==== Entries provided

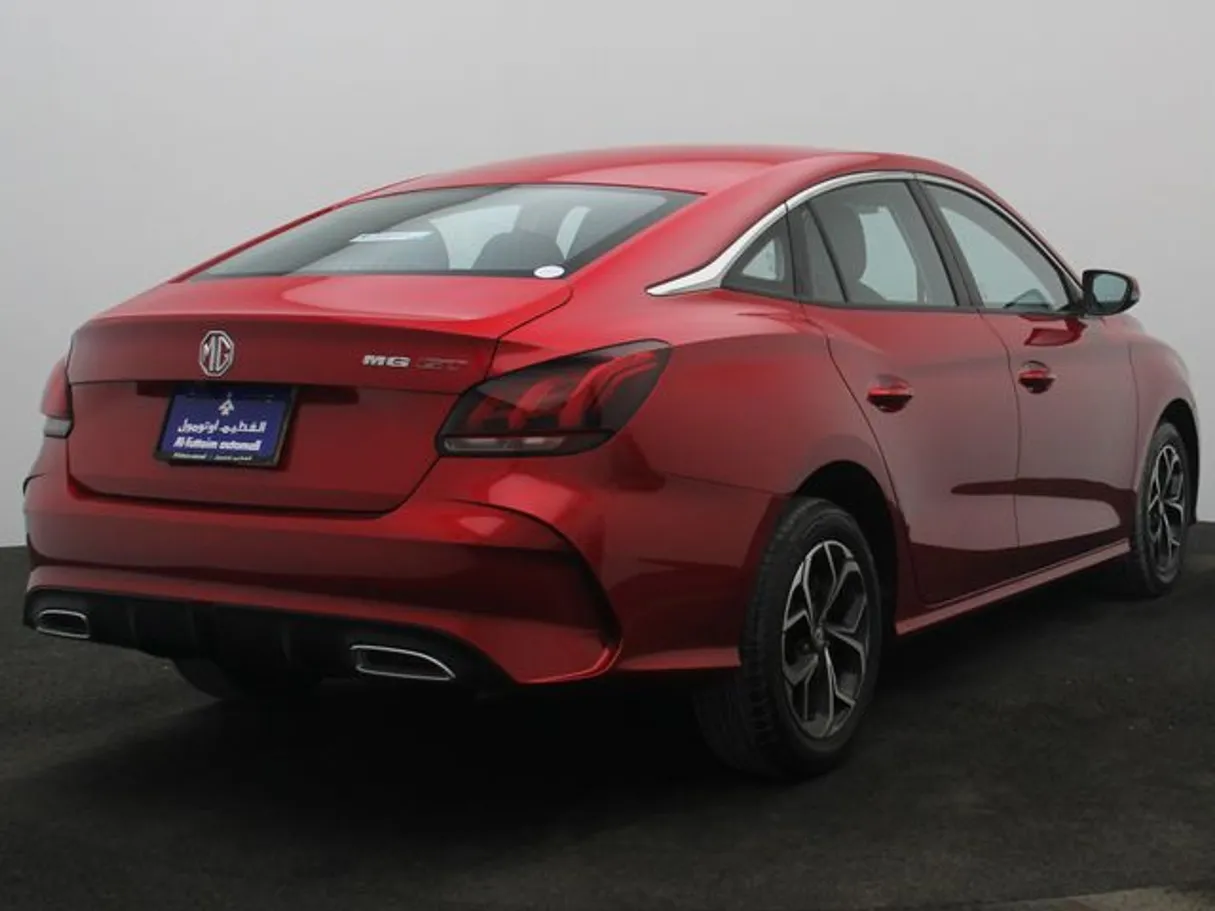 Car image 2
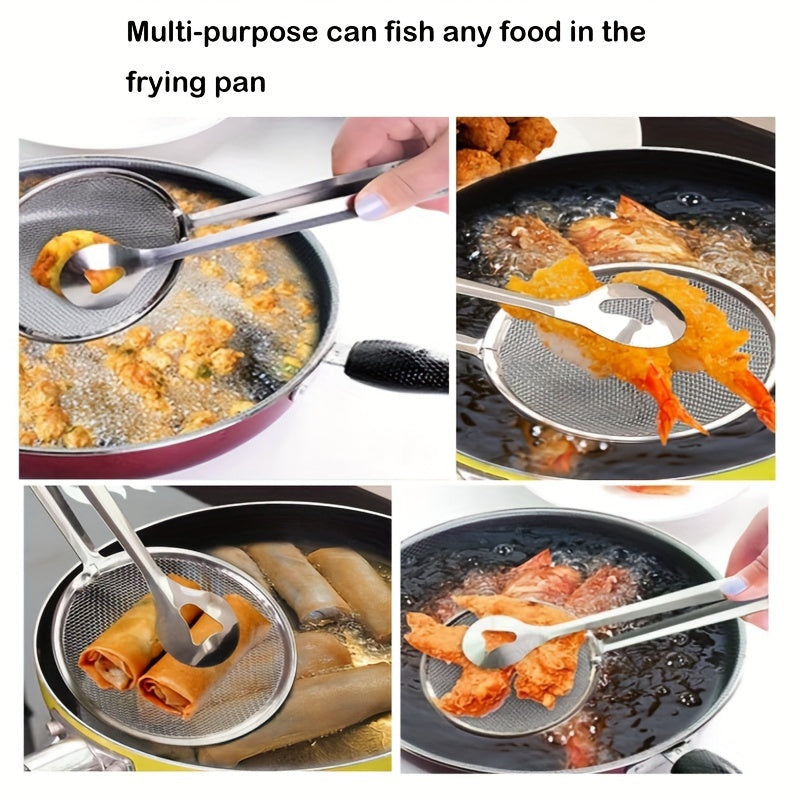 https://img.kwcdn.com/product/open/2024-07-17/1721231506776-26e991da9f554cb38e5151eb3c1008fe-goods.jpeg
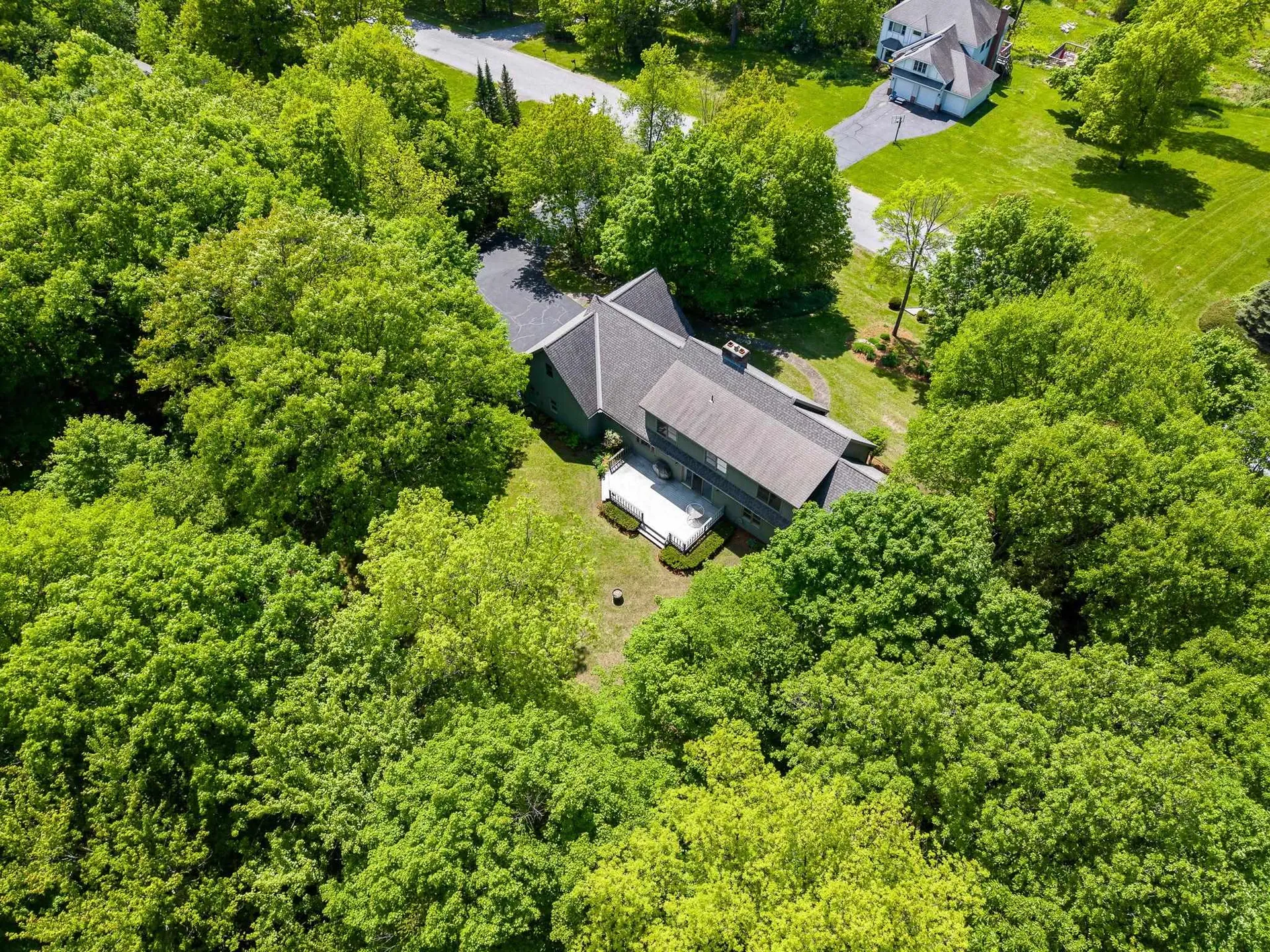 248 Highlands Drive Williston VT 05495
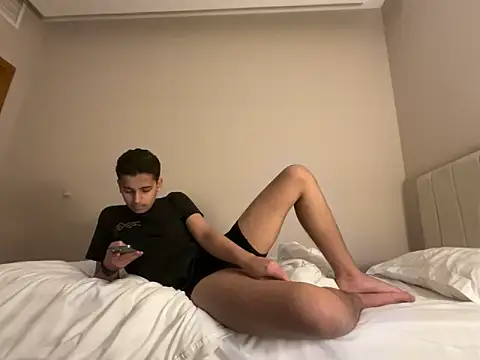 Snapshot of bemjmen chatting on 10, 11, 2025 bemjmen online show from 10, 11, 2025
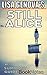 Still Alice by BookNotes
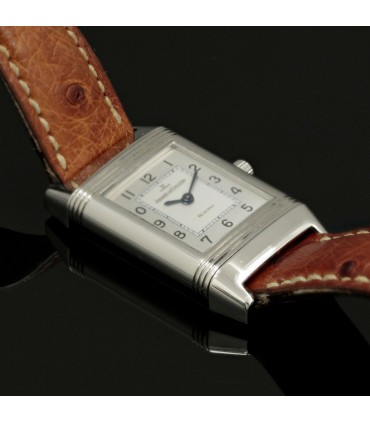 Montre Jaeger Lecoultre Reverso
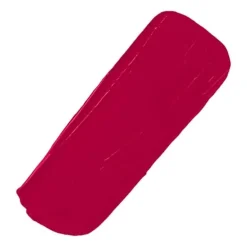 Kokie Creamy Lip Color Lipstick – Lucky You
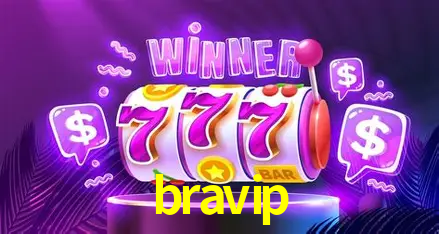 bravip cassino online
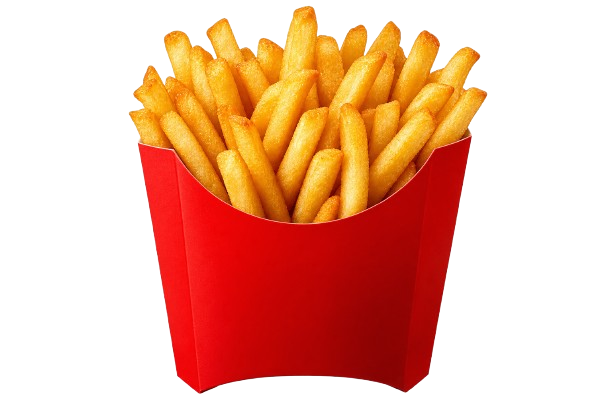 Chips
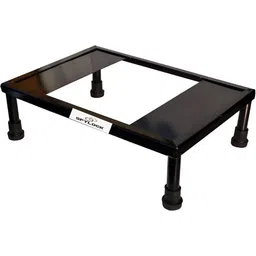 spylock Stand Microwave Wall Mount-picture-21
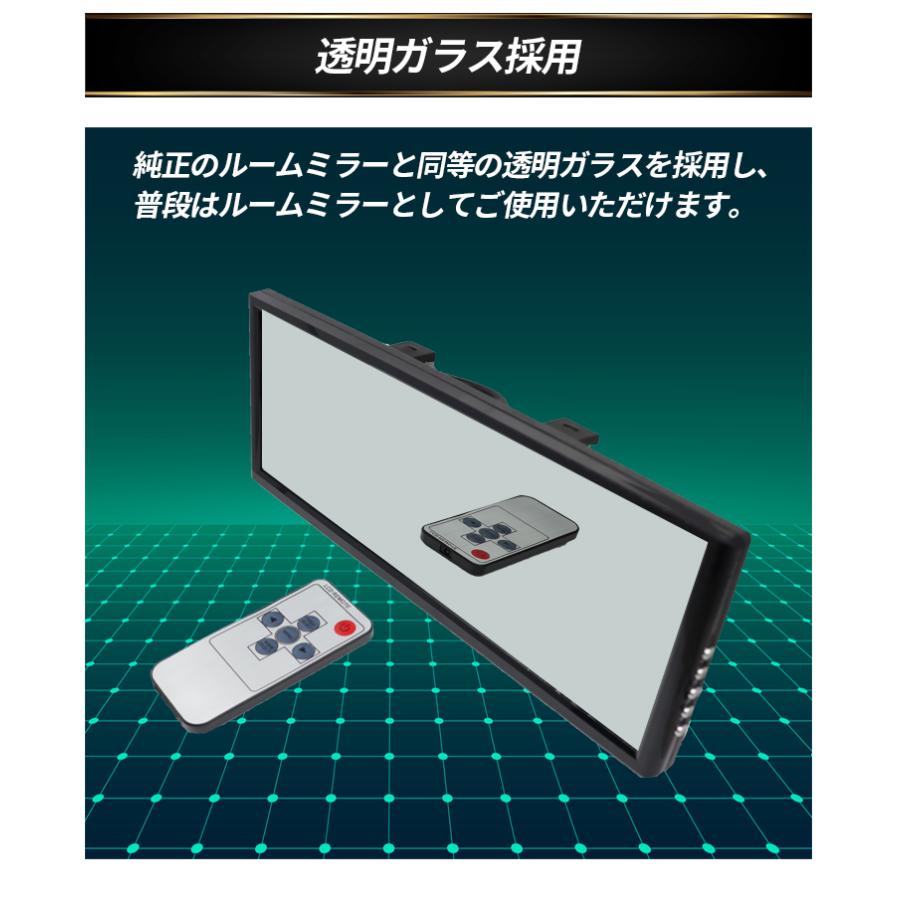 ミラーモニター　Diva DVM-Ｘ10300 MICROWARE 4K 60Hz 8x2 HDMI Multi-viewer 8 in 2 Out Multiviewer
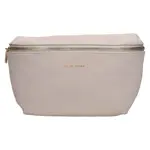 Dámska ľadvinka David Jones Isolde - šedá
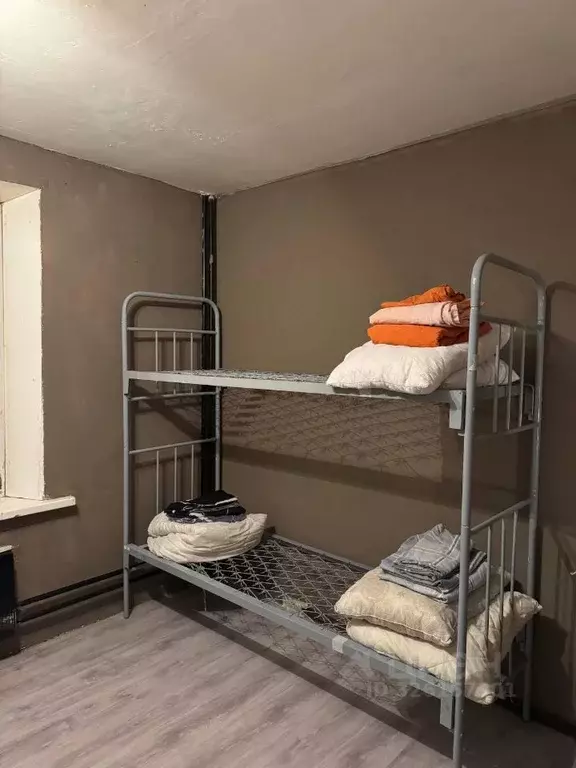 3-к кв. Москва ул. Поликарпова, 9 (65.0 м) - Фото 0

========

## Task details
The answer must be the data above, repeated exactly, with no pictures.

## Solved problem
 Car image 2
 https://img.kwcdn.com/product/open/2024-07-17/1721231506776-26e991da9f554cb38e5151eb3c1008fe-goods.jpeg
 248 Highlands Drive Williston VT 05495
 Snapshot of bemjmen chatting on 10, 11, 2025 bemjmen online show from 10, 11, 2025
 Still Alice by BookNotes
 Montre Jaeger Lecoultre Reverso
 Kokie Creamy Lip Color Lipstick – Lucky You
 bravip cassino online
 Chips
 spylock Stand Microwave Wall Mount-picture-21
 ミラーモニター　Diva DVM-Ｘ10300 MICROWARE 4K 60Hz 8x2 HDMI Multi-viewer 8 in 2 Out Multiviewer
 Dámska ľadvinka David Jones Isolde - šedá
 3-к кв. Москва ул. Поликарпова, 9 (65.0 м) - Фото 0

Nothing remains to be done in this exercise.